Emily Gordenker, director of the Van Gogh Museum says that since art critics carefully catalog the Van Gogh drawings, it is quite rare that new work is credited to him.
So when a Dutch family approached the museum and asked staff to look at the unsigned art drawing, it was a big surprise that this sketch was a clearly identifiable work by Van Gogh, senior researcher Teyo Minendorp told Reuters. The scientist who led the work to validate the work published his findings in the October issue of Burlington magazine.
Now, as reported by Mike Corder for the Associated Press (AP), the art drawing is on display at the Amsterdam Museum, where it is being shown publicly for the first time.
A preparatory dark art sketch for a large 1882 drawing “Worn,” recently referred to work, depicts an elderly man in a shabby suit, hunched over on a chair with his head in his arms.
Van Gogh used a carpenter’s pencil to draw the scene on a 19-by-12-inch ream of watercolor paper. He finished off the lighter parts of the composition by rubbing the bread cakes on a rough surface and then applied a milk/water fixative to better accentuate the dark pencil strokes, reports Mark Brown for the Guardian.
Experts dated Van Gogh’s early work with extraordinary precision to the end of November 1882, when Van Gogh detailed the development of Worn Out in letters to his brother Theo and fellow artist Anton van Rappard.

Vincent van Gogh, At Eternity’s Gate, 1890, oil on canvas

The Impressionist was “clearly proud” of the composition and just a few days later did a lithograph of the scene, notes Art Newspaper’s Martin Bailey. “Today and yesterday I drew two figures of an old man kneeling with his elbows and clasping his head in his hands,” Van Gogh wrote to his brother in 1882. “… Perhaps I will make a lithograph.
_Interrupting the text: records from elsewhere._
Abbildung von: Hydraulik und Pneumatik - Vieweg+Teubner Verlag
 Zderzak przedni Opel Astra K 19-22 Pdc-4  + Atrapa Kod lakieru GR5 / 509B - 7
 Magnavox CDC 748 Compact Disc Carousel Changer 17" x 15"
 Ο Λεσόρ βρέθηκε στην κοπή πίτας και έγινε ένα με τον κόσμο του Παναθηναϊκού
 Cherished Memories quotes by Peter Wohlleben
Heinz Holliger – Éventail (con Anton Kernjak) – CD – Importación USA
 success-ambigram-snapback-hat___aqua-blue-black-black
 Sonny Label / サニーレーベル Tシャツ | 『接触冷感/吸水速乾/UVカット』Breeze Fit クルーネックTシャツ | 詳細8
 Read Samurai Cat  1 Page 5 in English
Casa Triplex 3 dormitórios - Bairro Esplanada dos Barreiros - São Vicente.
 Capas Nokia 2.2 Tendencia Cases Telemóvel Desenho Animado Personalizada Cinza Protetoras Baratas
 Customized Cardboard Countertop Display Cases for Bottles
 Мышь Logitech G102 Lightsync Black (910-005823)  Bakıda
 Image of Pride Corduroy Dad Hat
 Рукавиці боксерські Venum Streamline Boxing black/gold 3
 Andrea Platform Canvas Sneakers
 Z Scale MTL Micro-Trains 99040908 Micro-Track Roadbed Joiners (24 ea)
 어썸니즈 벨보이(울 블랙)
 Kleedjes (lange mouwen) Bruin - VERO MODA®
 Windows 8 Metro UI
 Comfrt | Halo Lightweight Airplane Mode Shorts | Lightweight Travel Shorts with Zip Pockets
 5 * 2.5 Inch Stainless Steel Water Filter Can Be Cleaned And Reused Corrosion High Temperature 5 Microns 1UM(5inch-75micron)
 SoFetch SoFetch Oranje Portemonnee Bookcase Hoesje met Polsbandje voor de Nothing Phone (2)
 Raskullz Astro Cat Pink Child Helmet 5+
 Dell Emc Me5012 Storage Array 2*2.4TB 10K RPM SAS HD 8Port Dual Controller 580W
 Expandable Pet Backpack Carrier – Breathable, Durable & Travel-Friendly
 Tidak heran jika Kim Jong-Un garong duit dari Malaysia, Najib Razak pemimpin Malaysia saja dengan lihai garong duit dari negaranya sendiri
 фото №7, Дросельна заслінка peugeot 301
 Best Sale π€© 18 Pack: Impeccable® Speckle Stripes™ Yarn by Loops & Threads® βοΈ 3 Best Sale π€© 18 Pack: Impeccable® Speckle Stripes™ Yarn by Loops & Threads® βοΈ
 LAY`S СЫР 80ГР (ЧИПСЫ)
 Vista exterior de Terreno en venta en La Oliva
What a beautiful sight the old worker makes in his patched suit from the bomb shelter and with his bald head.”

According to Art Newspaper, the artist intended to use Worn Out and other works with English titles to find work in the UK edition, but he either failed to implement this idea or his work was rejected.

Thanks to a newly discovered art drawing that has been kept in a private collection in the Netherlands since about 1910, viewers can trace how Van Gogh’s composition evolved from an initial sketch to its final lithographic form. This fact alone makes the piece “stunning” in Van Gogh’s work, says Minendorp in an interview with Art Newspaper.

At the end of 1882, Van Gogh was only 29 years old. He lived in The Hague with Claesine Maria “Sien” Hornik, a pregnant sex worker who was previously homeless. (The artist was not the child’s father.) She modeled a series of art drawings, including the lithograph “Sorrow” (1882).

That was the early stage in his career. And the artist could hire only poor models, offering maybe 10 cents and some coffee as compensation. For Worn Out, the artist used one of his favorite models, an elderly man named Adrianus Jacobus Seiderland, who boasted characteristic sideburns (and is featured in at least 40 of Van Gogh’s sketches from that period).

Van Gogh pursued an extremely productive creative career, although he remained largely unrecognized during his lifetime. After years of reckoning from severe mental illness, the artist died in poverty in 1890 at the age of 37, possibly committing suicide.

Living in an orphanage near Saint-Rémy-de-Provence, France, the artist used his old lithograph as the basis for a new painting: At the Gates of Eternity (1890). Here, the old man’s costume is in pale blue, contrasting with his tufts of gray hair and the crackling orange fire next to his chair.

The Impressionist has long filled this scene with existential meaning, so perhaps he chose it to paint during a time of great grief and uncertainty. Eight years earlier, Van Gogh had been thinking younger in letters to Theo about the symbolism of his subject:

It seems to me that one of the strongest pieces of evidence for the existence of “something on high,” … namely in the existence of a God and eternity, is the unutterably moving quality that there can be in the expression of an old man like that … as he sits so quietly in the corner of his hearth.